(Caption-style text data)

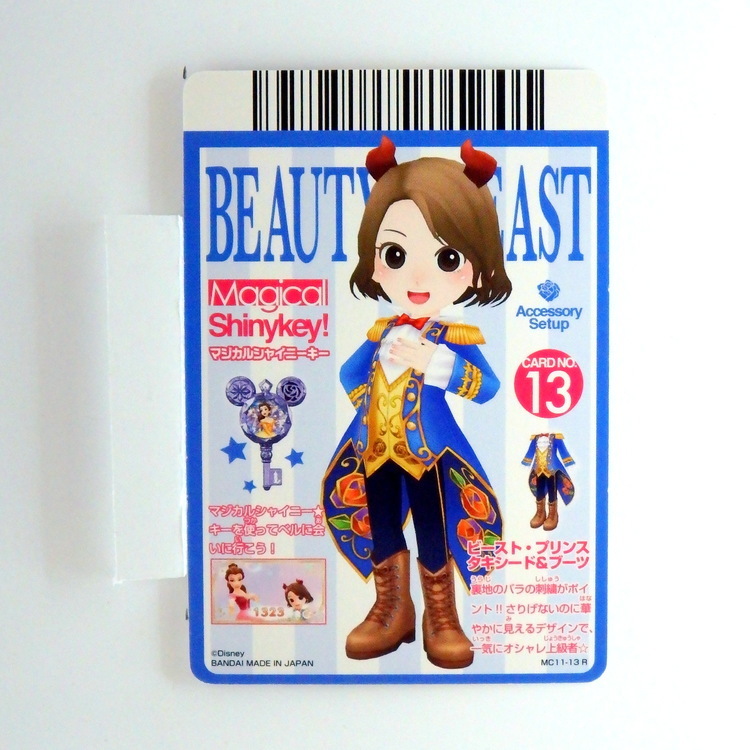 Carte Data carddass Disney Magic Castle #MC11-13 R – Image 2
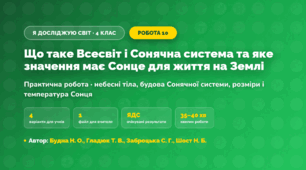 Практична робота «Що таке Всесвіт і Сонячна система та яке значення має Сонце для життя на Землі» (4 клас, Я досліджую світ, Будна Н. О., Гладюк Т. В., Заброцька С. Г., Шост Н. Б.)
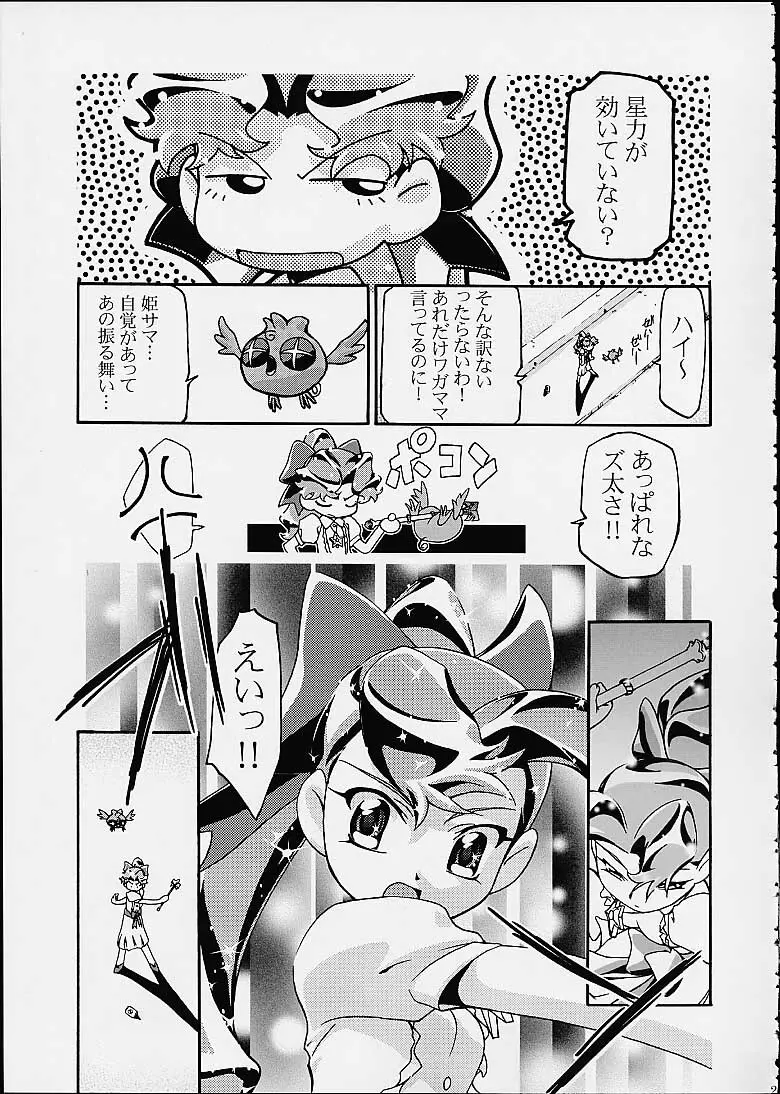 Spring Girls Page.24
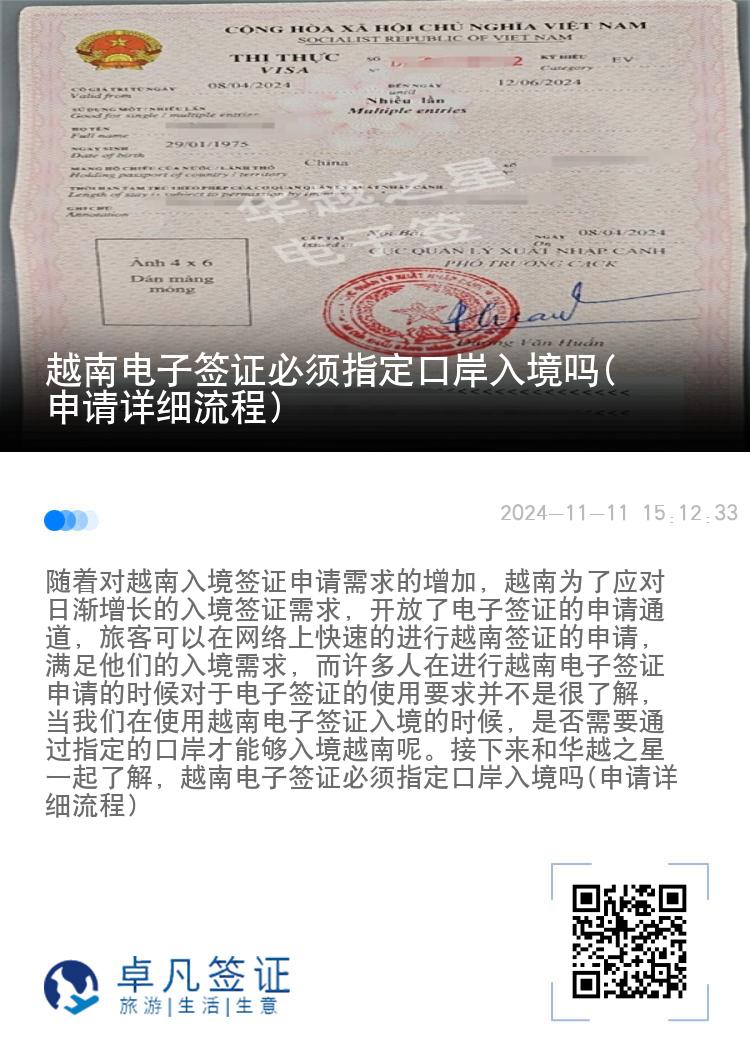 越南電子簽證必須指定口岸入境嗎(申請詳細流程)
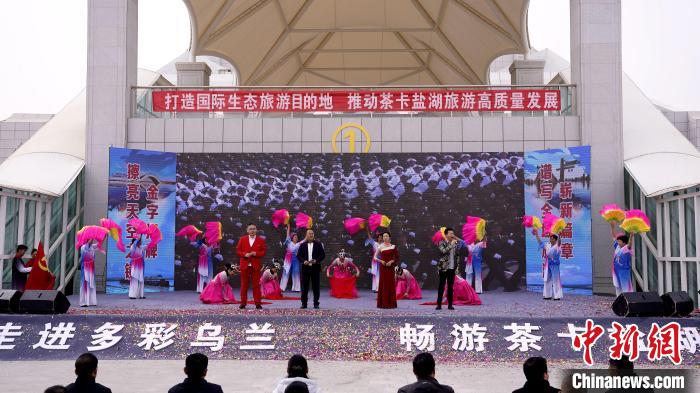 圖為開園儀式現(xiàn)場(chǎng)?！跆m縣委宣傳部供圖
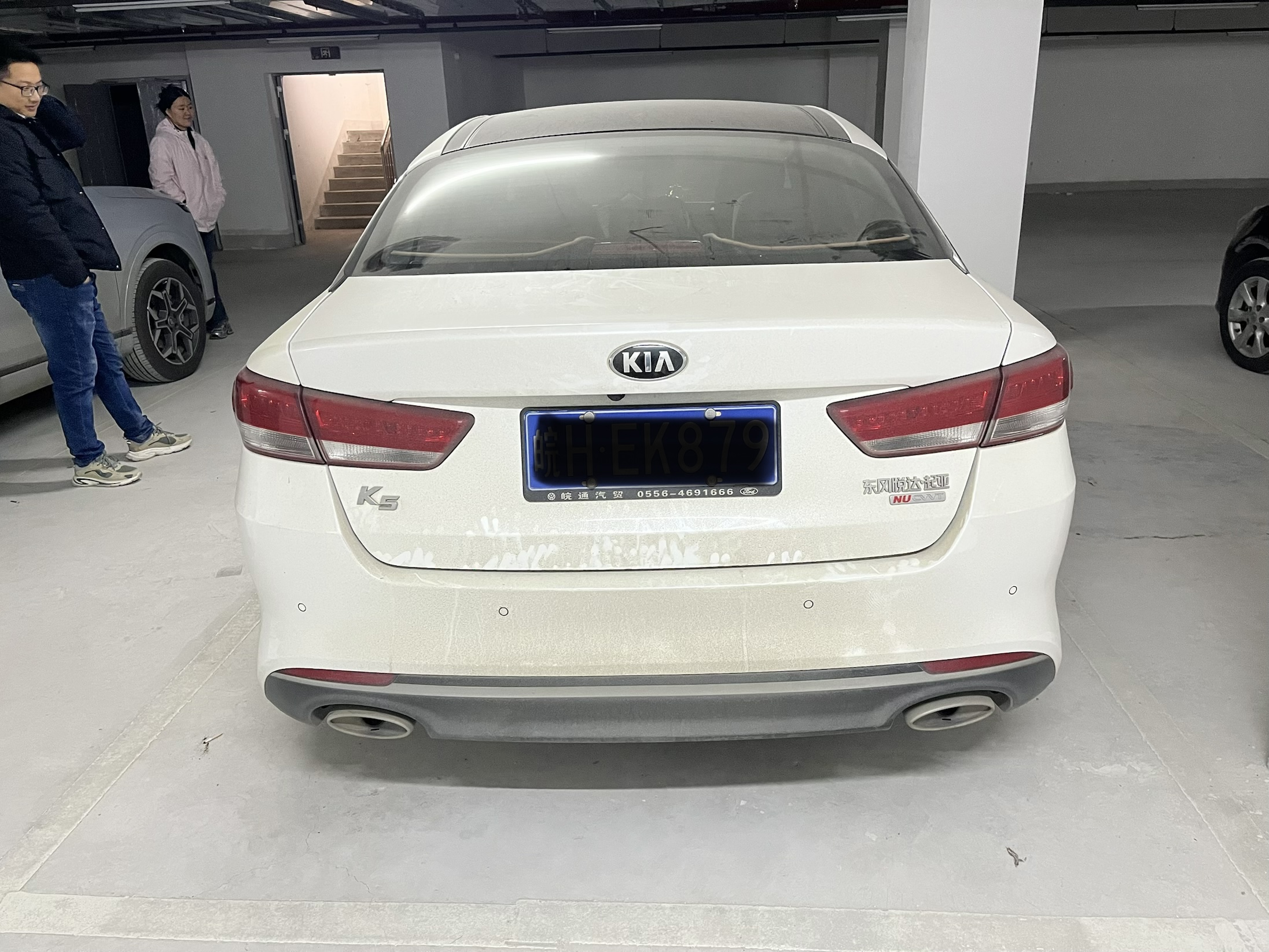 Kia K5 2017 immagine di auto #5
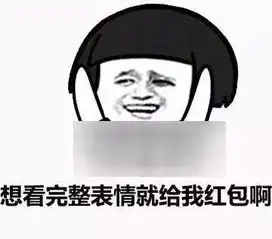 天津有哪些东西是本地人司空见惯,外地人觉得匪夷所思的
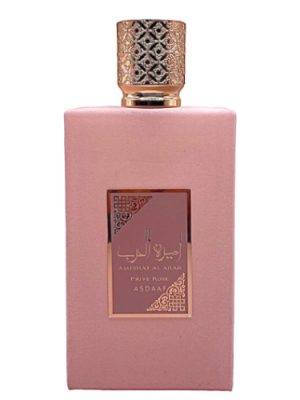 Perfume Ameerat al Arab Prive Rose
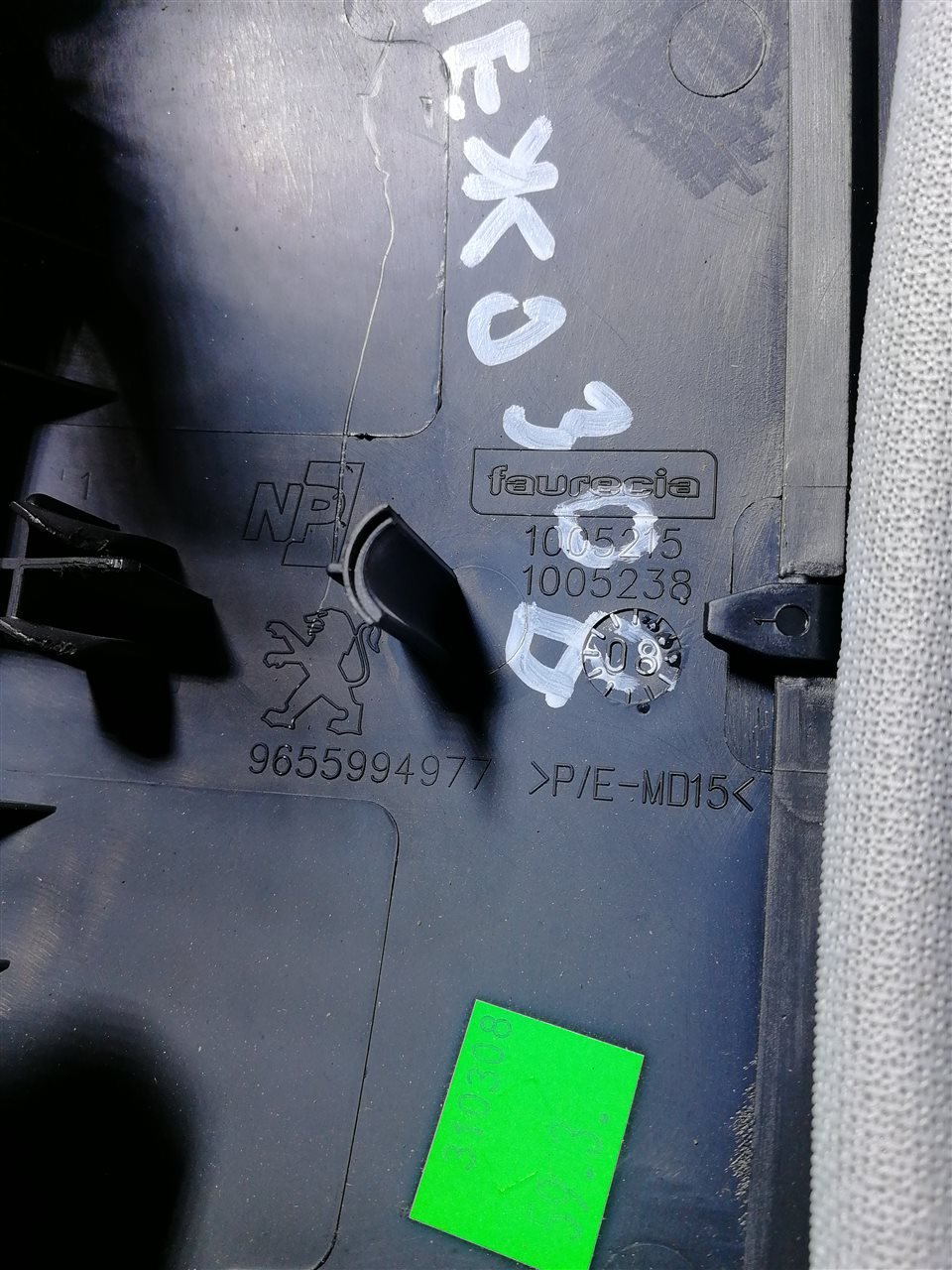 Кожух подрулевой 308 Кожух подрулевой 308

▸ **Task to complete**:
Every line of the data above should be quoted exactly. Omit the pictures.

▸ **Solution**:
 Carte Data carddass Disney Magic Castle #MC11-13 R – Image 2
 Практична робота «Що таке Всесвіт і Сонячна система та яке значення має Сонце для життя на Землі» (4 клас, Я досліджую світ, Будна Н. О., Гладюк Т. В., Заброцька С. Г., Шост Н. Б.)
 Spring Girls Page.24
 越南電子簽證必須指定口岸入境嗎(申請詳細流程)
 圖為開園儀式現(xiàn)場(chǎng)?！跆m縣委宣傳部供圖
 Kia K5 2017 immagine di auto #5
 天津有哪些东西是本地人司空见惯,外地人觉得匪夷所思的
 Perfume Ameerat al Arab Prive Rose
 Кожух подрулевой 308 Кожух подрулевой 308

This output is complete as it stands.